I Swear I’m Not A Birder

Great Blue Heron - Photo by Tim Giller

Great Blue Heron – Photo by Tim Giller

There have been a number of clues in these pages that I might have more than a casual interest in birds. I suppose I should just own up to the label of being a birder just as I got attached to my bike messenger nickname, “nice tim”. Neither of these titles will do much for my gritty urban street cred, but I guess I won’t worry about that because even though I’m feeling a whole new kind of roadtrip gritty, I’m not currently urban. So yes I’ll admit that I do a lot of bird watching. However I don’t really go out “birding”. I spend a lot of time outdoors for many reasons and the chance to see wildlife is one of the most important. Birds simply make themselves the most available and I imagine this is what attracts people to bird watching. You don’t even have to go outside to observe birds; by just looking out almost any window most of us can spot one within minutes. They are possibly the most animated and vocal expression of the fact that nature is always at hand.

Being able to fly they inspire our admiration and envy bringing us stories from afar with their songs. And, like the two of us, many do travel far to spend time in Texas. Because of it’s size, shape and diverse habitats an impressive variety of birds spend time here. It creates a sort of funnel for exotic birds that move north from the tropics or from even farther into South America. In summer, a number of birds go no further than the Rio Grande Valley or the Chisos Mountains in Big Bend. Wintertime brings birds that have nested and raised young in the far north. These travelers, north and south are remarkable survivors and for millennia have had no reason to concern themselves with political boundaries. Today their ancient flyways have become gauntlets with safe havens harder to come by as development has reduced and degraded their rest stops.
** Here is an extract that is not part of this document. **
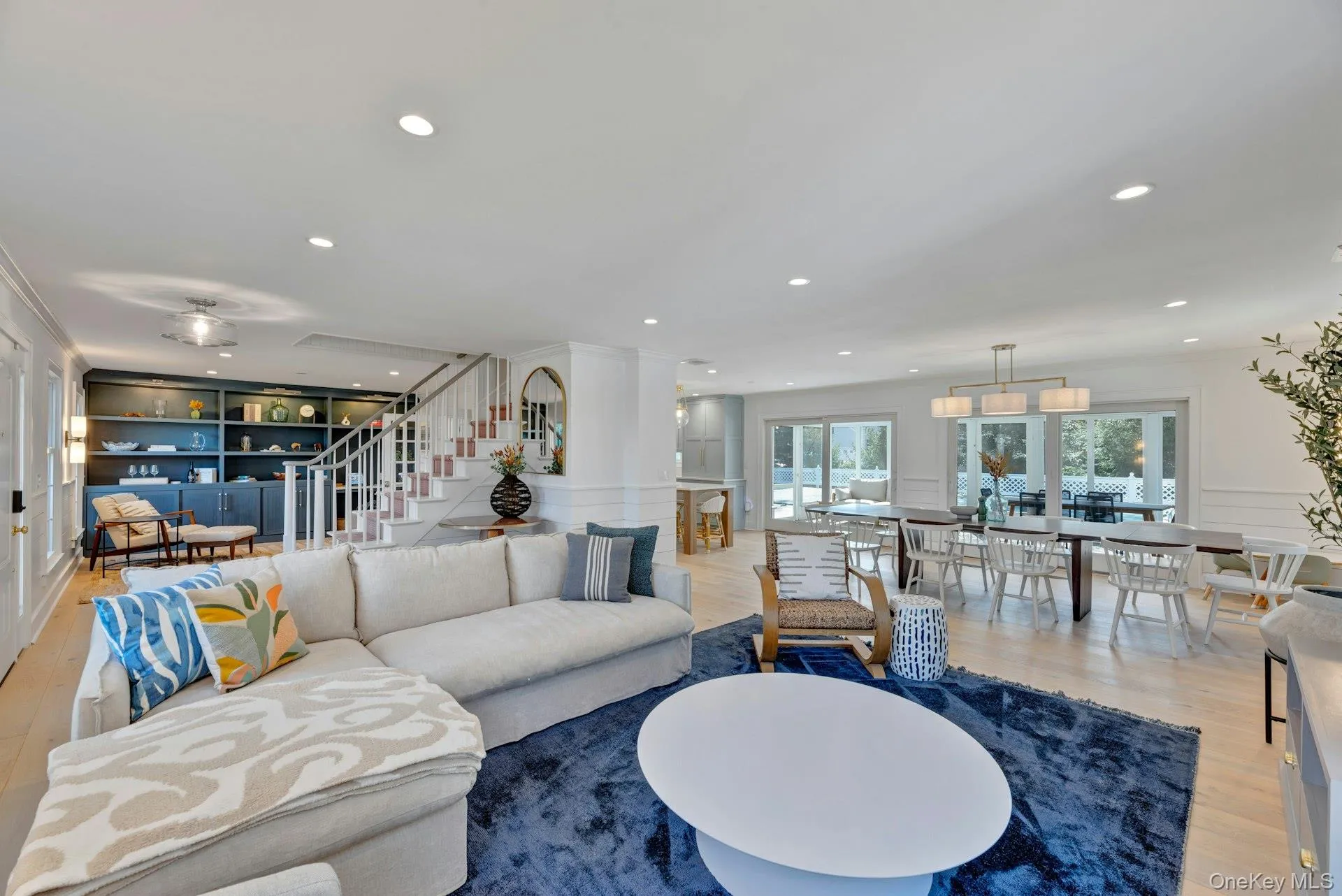 Living area featuring wood finished floors, stairs, a decorative wall, recessed lighting, and built in features Living area featuring wood finished floors, stairs, a decorative wall, recessed lighting, and built in features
In Port Aransas we got the chance to participate in The Whooping Crane Festival, a celebration of a species that tells this story well. The tallest bird on the continent, a bird that needs a little bit of space, it was nearly wiped out, down to a couple dozen birds in the 1940’s. This animal is definitely walking the edge of survival. We’ve set aside some space for it on both ends of it’s migration and done breeding programs that have brought their numbers up but we have to hope that we haven’t pushed it to far. Nature can’t often respect our limited boundaries.

Brown Pelican - Photo by Tim Giller

Brown Pelican – Photo by Tim Giller

There is a sacrifice I suppose for the gift of flight; a certain vulnerability of body, a dependence on the larger world to be intact when you decide to come down to land. At a desert lake in Nevada I once held a recently dead barn owl. It was a beautiful creature, it’s feathers and body still possessed the lithe and tight smoothness that allowed it to silently traverse the night sky. In my hands though the body felt too insubstantial. It was as if only part of its form existed in the same world with me, but that there was another more substantial aspect that was held in some other universe.